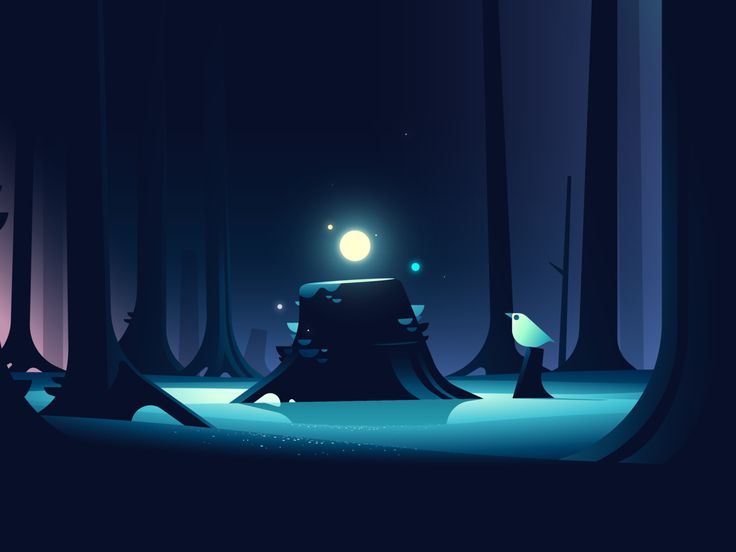 an image of a night in the woods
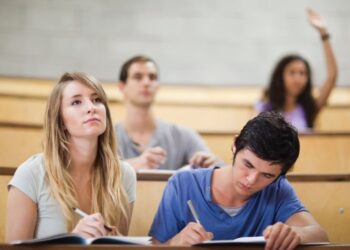 Сколько стоит написание кандидатской диссертации на заказ и как формируется цена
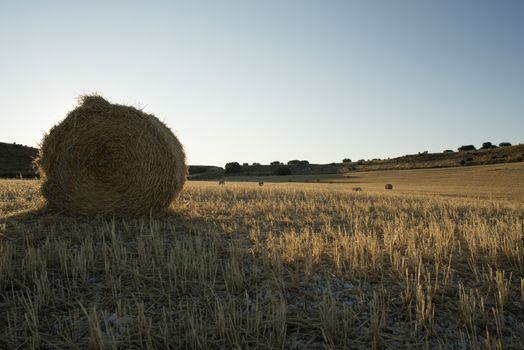 Cereal field, cereal collection, straw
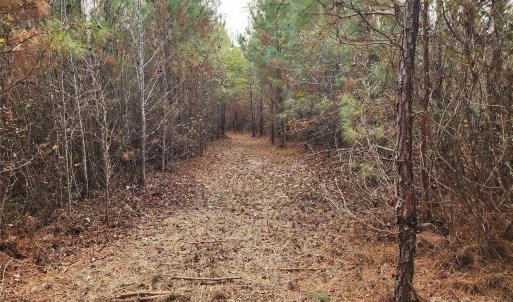 Photo #17 of 2351 Reges Store, Nashville, NC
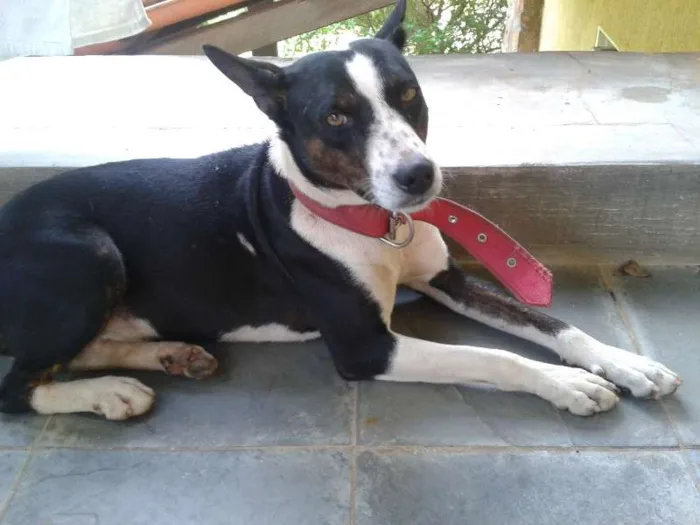 Cachorro ra a Sem raça definida idade  nome Desconhecido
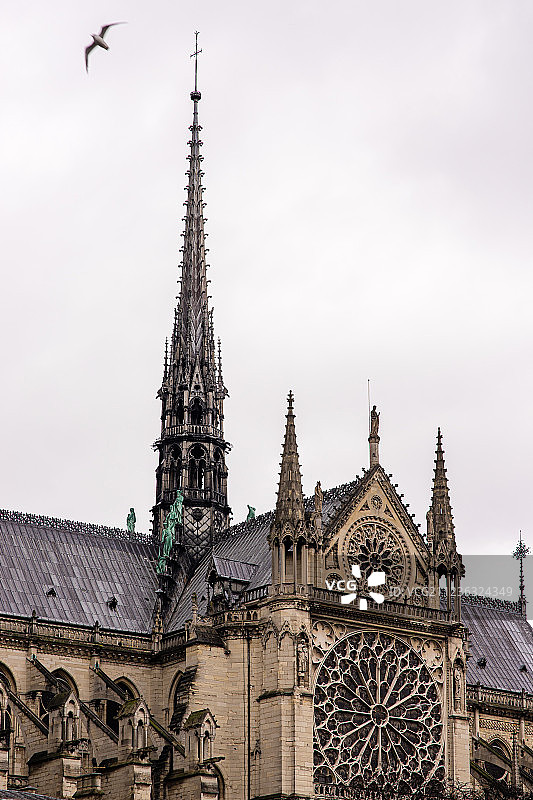 巴黎圣母院尖顶图片素材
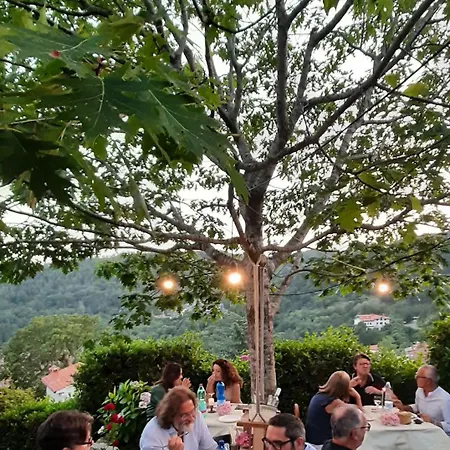 Degli Allori Bed & Breakfast Moggiona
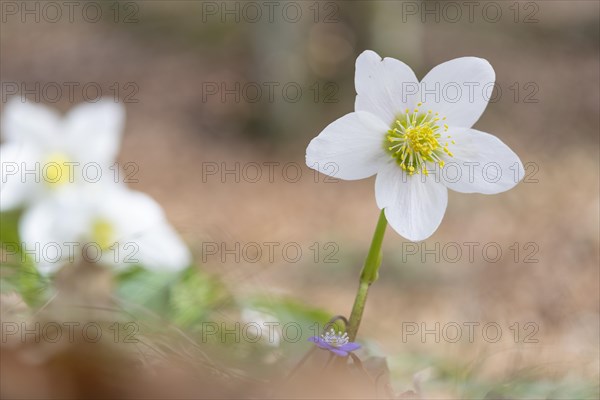 Snow lily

========================================

§ About this task:
The listing above must be given again exactly, minus its pictures.

§ Response box:
 an image of a night in the woods
 Сколько стоит написание кандидатской диссертации на заказ и как формируется цена
 Cereal field, cereal collection, straw
 Photo #17 of 2351 Reges Store, Nashville, NC
 Cachorro ra a Sem raça definida idade  nome Desconhecido
 巴黎圣母院尖顶图片素材
 Degli Allori Bed & Breakfast Moggiona
 Snow lily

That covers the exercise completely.